Le processus de dégradation est bien connu, nous l’observons à chaque fois. Il commence par la toiture : la dégradation du chaume a mené à des reconversions de fortune en tôles d’acier ou en amiante. Les fuites sont scélérates sur les poutres hautes des colombages, où la poussée des charpentes finit par les rompre. La dégradation des enduits d’entre-colombages mal entretenus accélère, par le ruissellement, la dégradation des bois sur les parties basses (soles et colombes). On constate alors des déchaussements d’assemblages et des torsions/voilages très classiques en façade. Il y a pire : le torchis est parfois remplacé par de la maçonnerie en briques avec un mortier de ciment, ou encore un enduit de ciment recouvrant totalement l’ossature bois. Le caractère peu respirant du ciment provoque une rétention importante d’eau dans le bois, qui finit par pourrir.

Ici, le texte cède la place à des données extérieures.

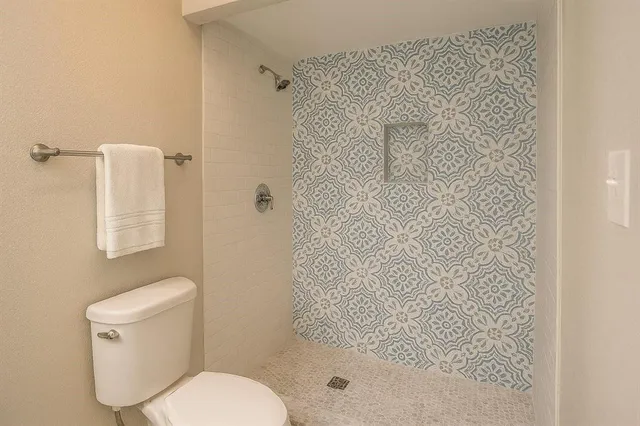 a bathroom with a toilet and shower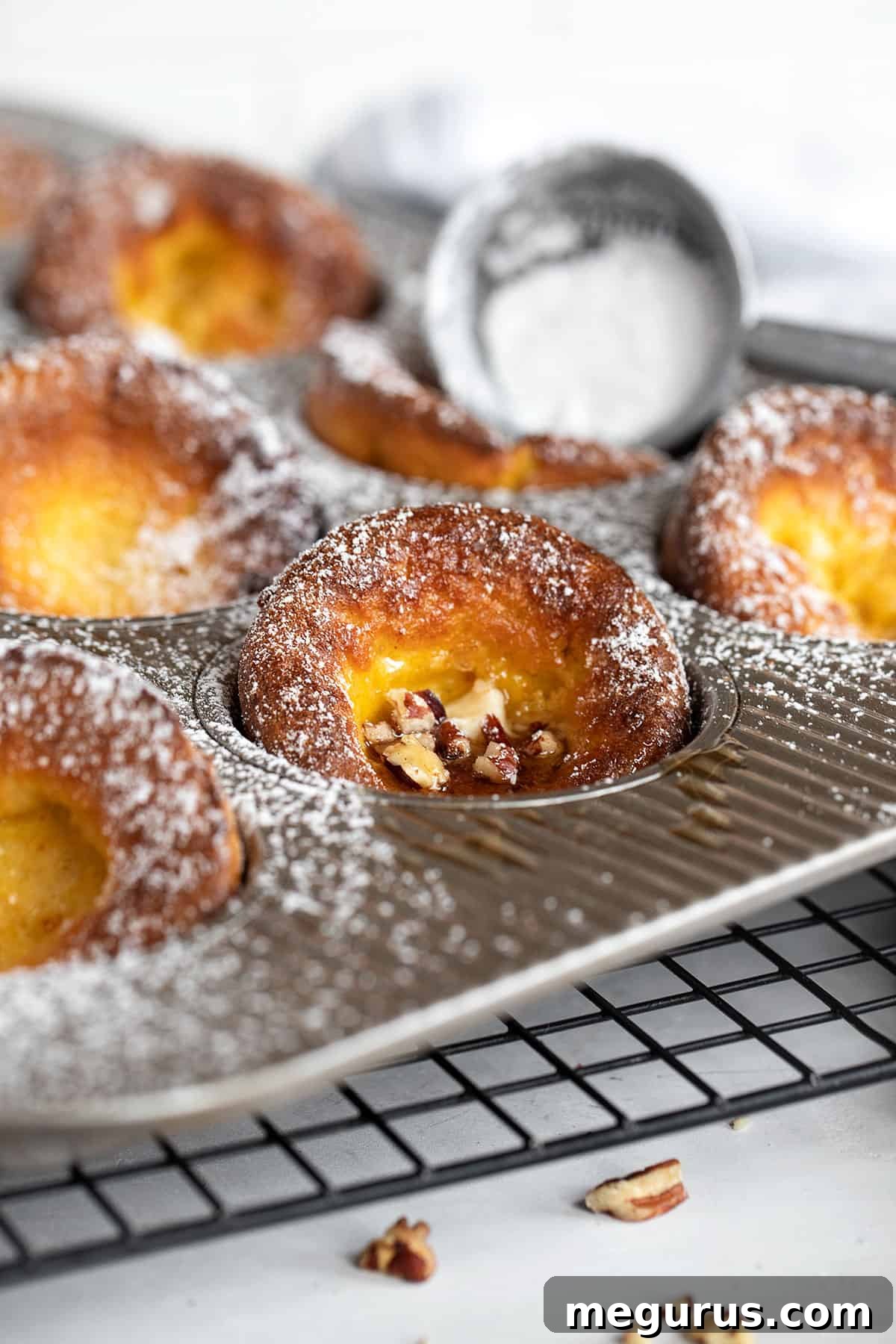 mini pumpkin Dutch baby pancakes in muffin tin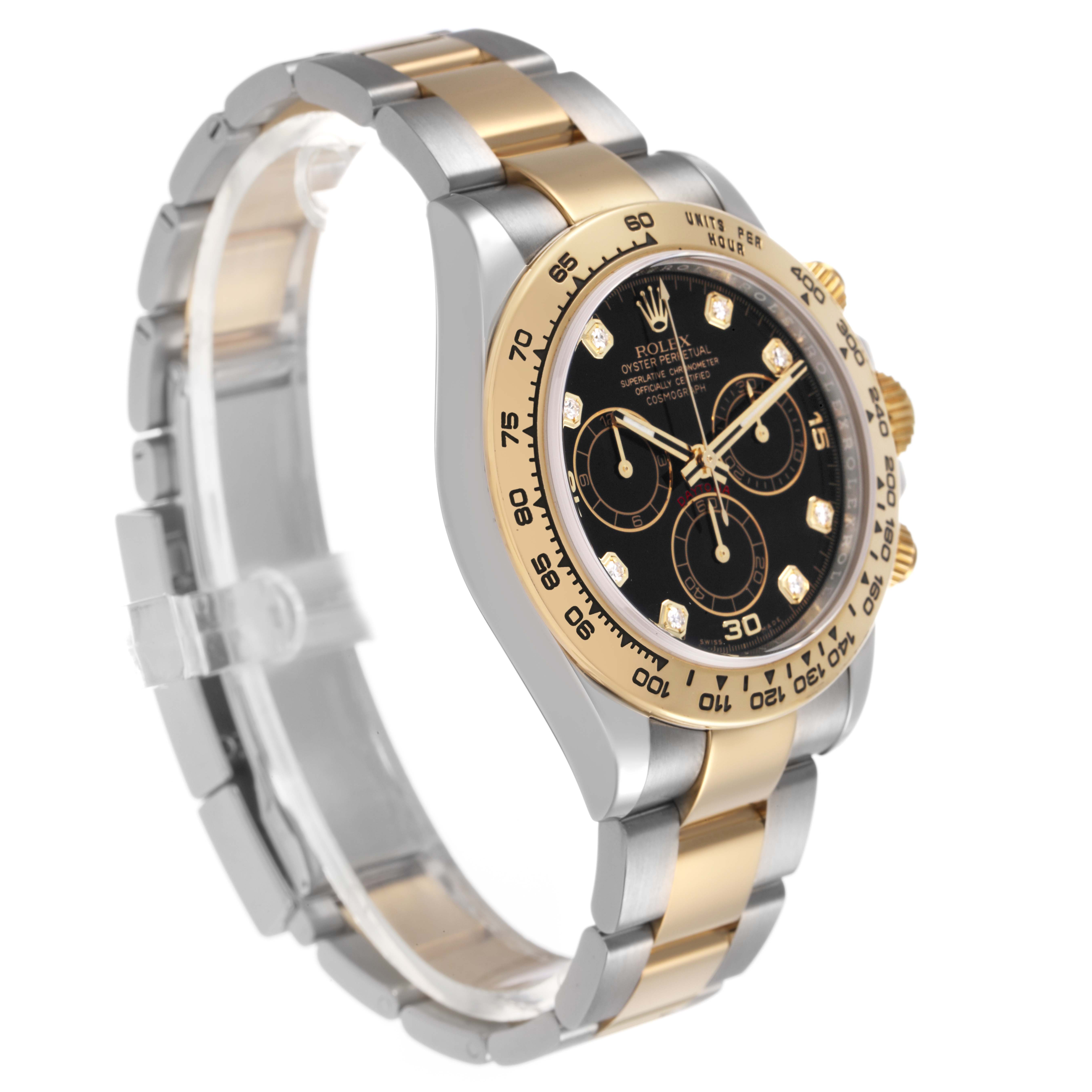 The Rolex Daytona 116503 Men's Steel and Gold (two tone) Black Dial is shown at a slight angle from the top right, revealing its black dial, gold bezel, and two-tone bracelet.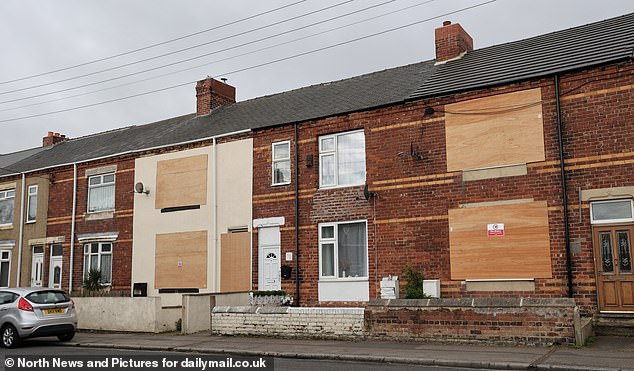 Furious residents living on an 'eyesore' ghost street earmarked for demolition vowed they would 'rather be shot' than give up their beloved homes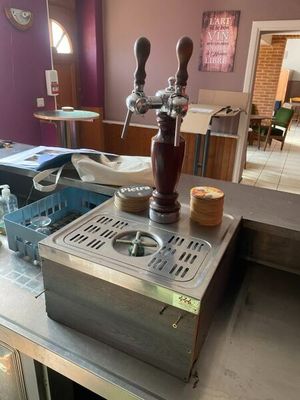 an image of a kitchen with a sink and a coffee machine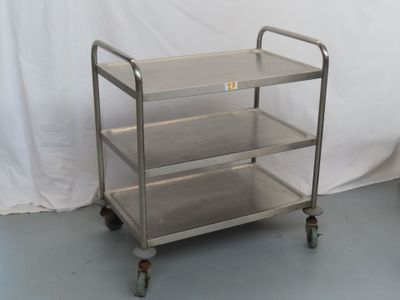 a metal cart that has three shelves on top of it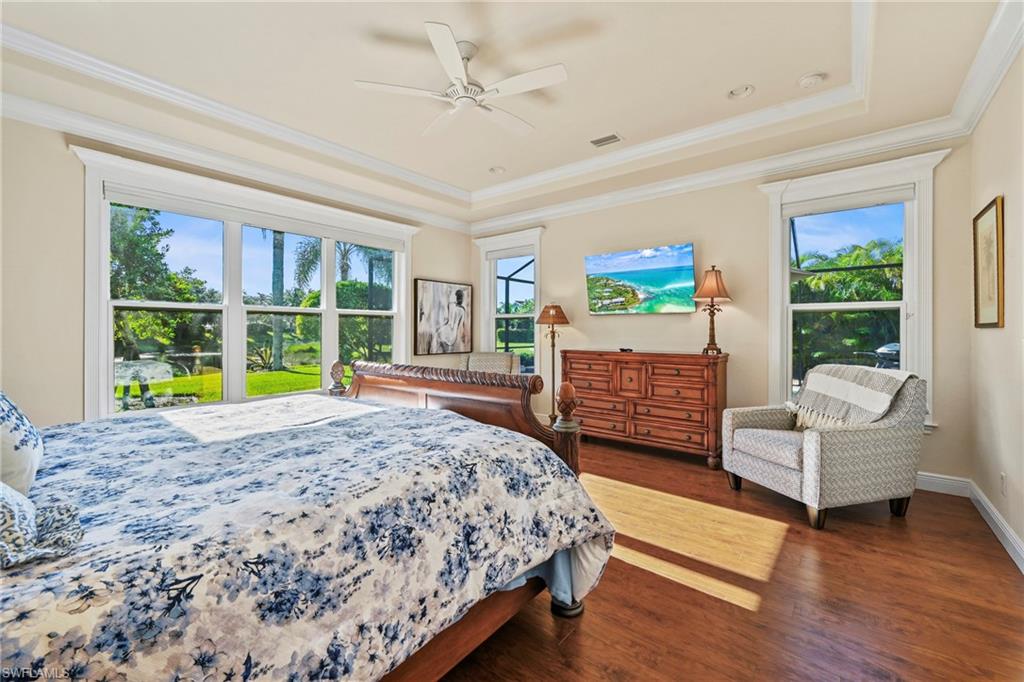 Bedroom featuring a tray ceiling, dark wood-style floors, ornamental molding, and a ceiling fan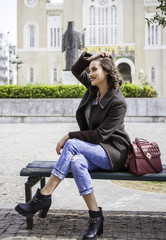 young brunette lady posing on the streets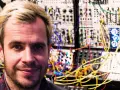 Marcin Staniszewski muzyk, w otoczeniu skomplikowanej aparatury syntezatorowej, tworzy dźwiękowe pejzaże.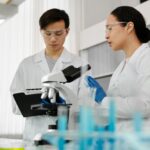 Asian scientists in lab coats discussing research with a microscope in a laboratory setting.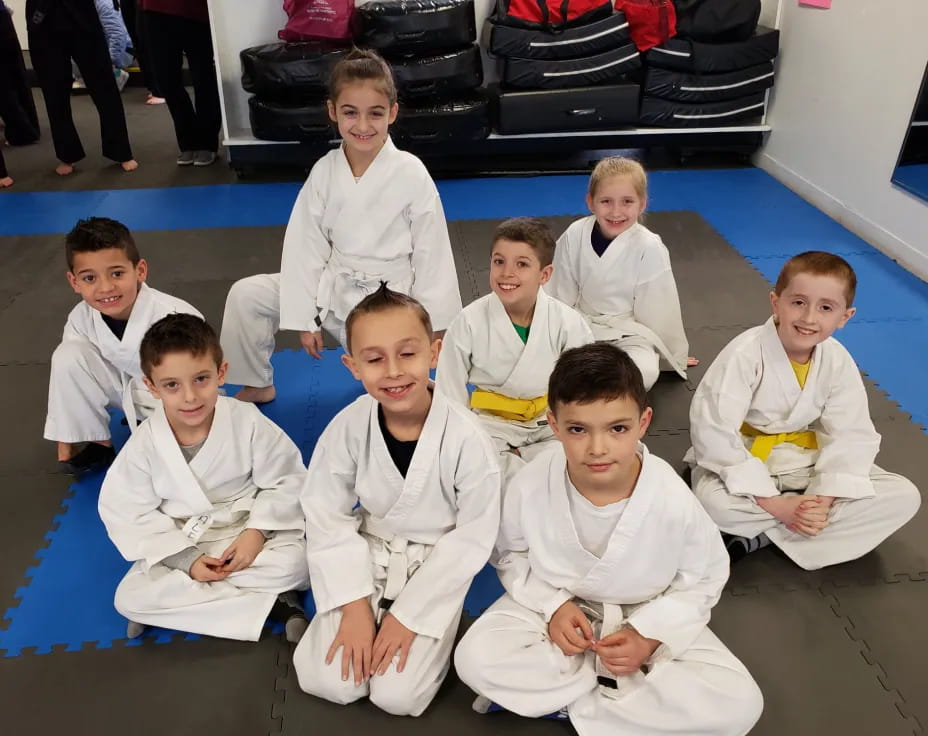 a group of boys in white karate uniforms sitting on the floor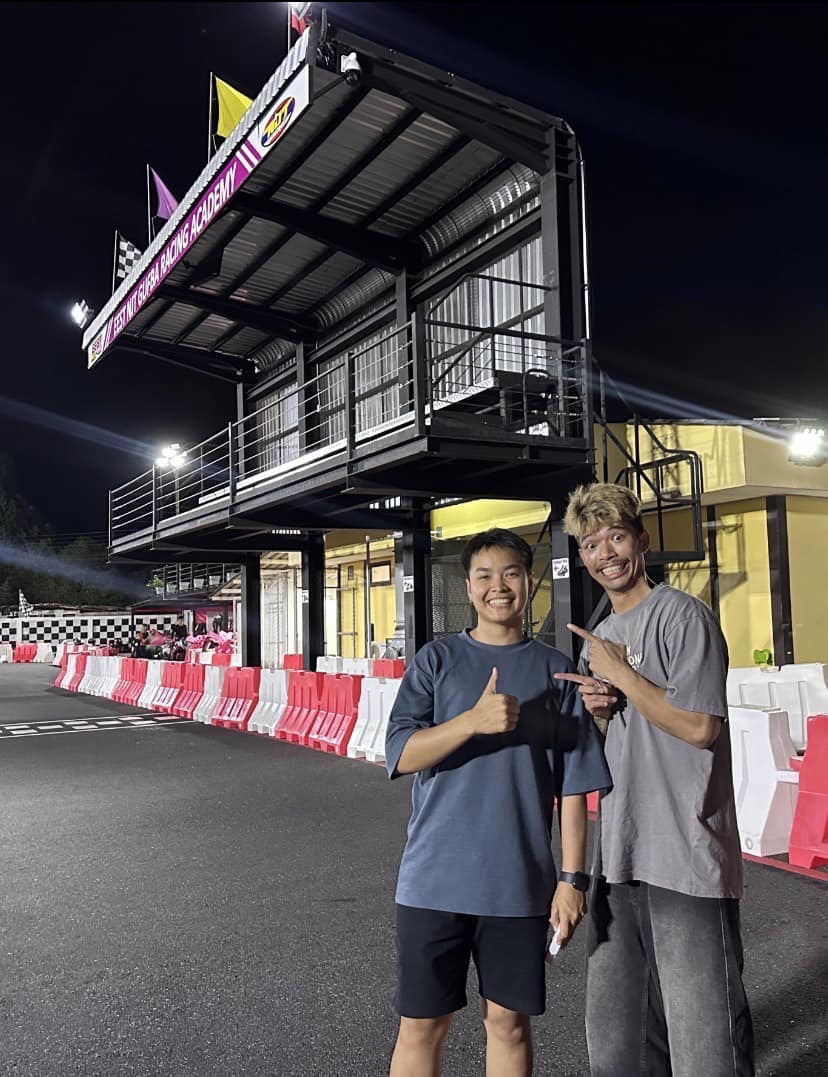 The EEST race-control tower lit up at night with two visitors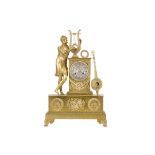 AN EARLY 19TH CENTURY FRENCH EMPIRE PERIOD GILT BRONZE CLOCK DEPICTING APOLLO the standing figure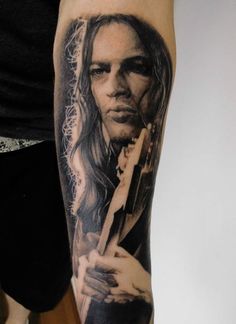 a woman holding a guitar tattoo on her arm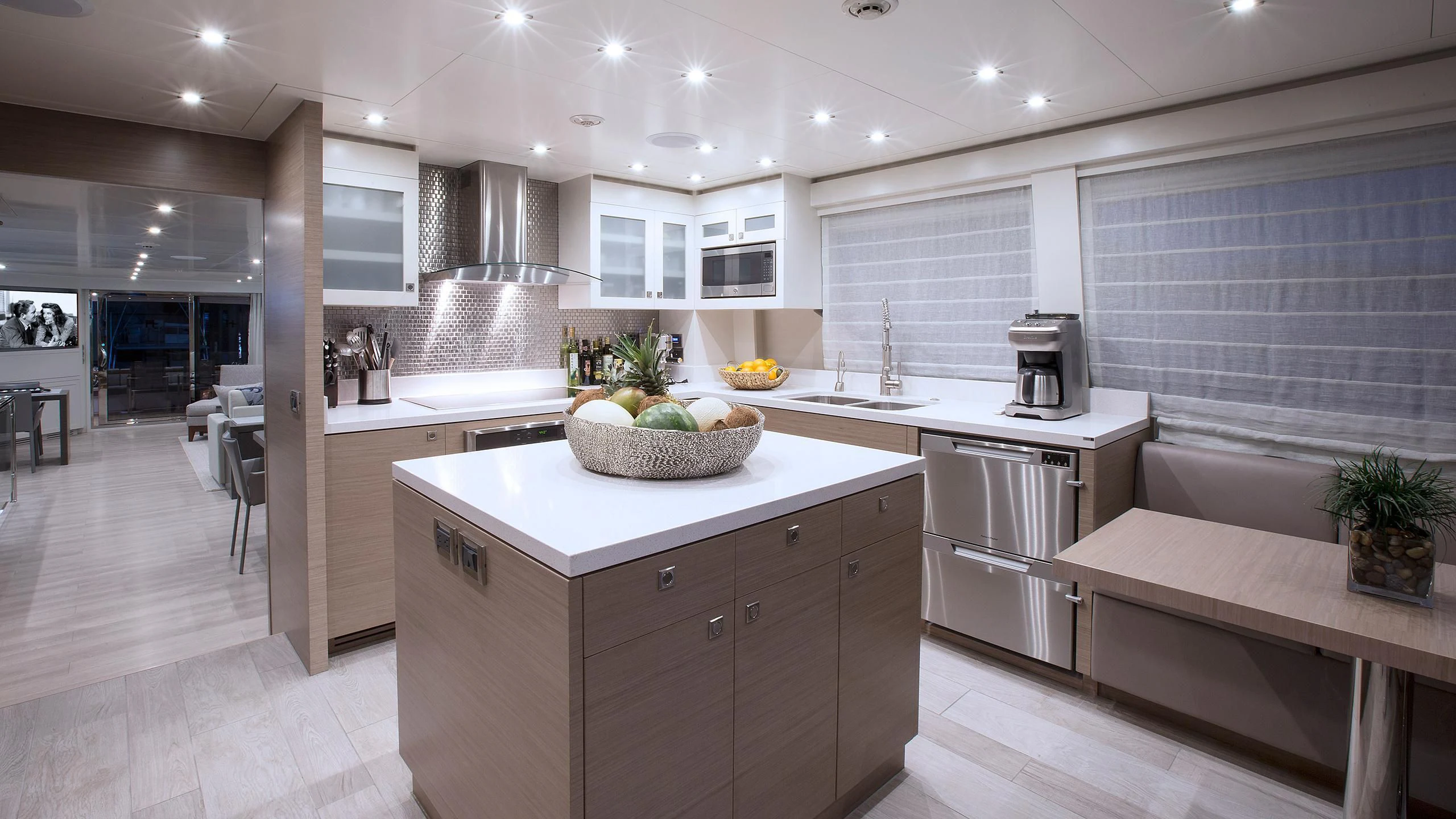 a kitchen with white cabinets aboard SEASEID Yacht for Sale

Etc.
Le diagnostic est souvent cruel, car le coût de la restauration est souvent inaccessible.





Les restaurations, lorsqu’elles ont lieu, sont aussi malheureusement dénaturantes, car peu d’artisans savent encore pratiquer la taille des colombages à la hache, et peu de scieries valorisent les bois tordus. Les colombes deviennent trop droites. Lorsqu’on prescrit, dans le cadre de la restauration de manoirs, de conserver le motif en « bulbe » des colombes, comme au manoir de Meulles, la solution proposée est parfois de découper la courbe dans un gros morceau droit, ce qui est une forme d’ineptie : tant du point de vue esthétique que structurel, car la courbe n’épouse pas le fil du bois, que du point de vue de la gestion du matériau, car cela produit beaucoup de chutes précieuses.
Vers une disparition définitive ?
Le remembrement agricole, qui a conduit à la transformation des petites parcelles en vastes plaines cultivables au détriment des haies bocagères (avant qu’on ne commence à en replanter), a également souvent phagocyté des terres autrefois bâties. D’où le fait qu’il n’est pas rare de voir, sur de vastes prairies, de petites ruines en attente d’effacement.
Le drame est aussi réglementaire. Les règlements d’urbanisme sont tels qu’il est souvent impossible de reconstruire sur une ruine, ou de la restaurer, considérant que sans toit, sans véritables murs, la bâtisse n’existe déjà plus. Autrement dit, la ruine de ce patrimoine commun est le signe transparent de sa disparition totale. Et avec elle, le souvenir d’un mode de vie éteint.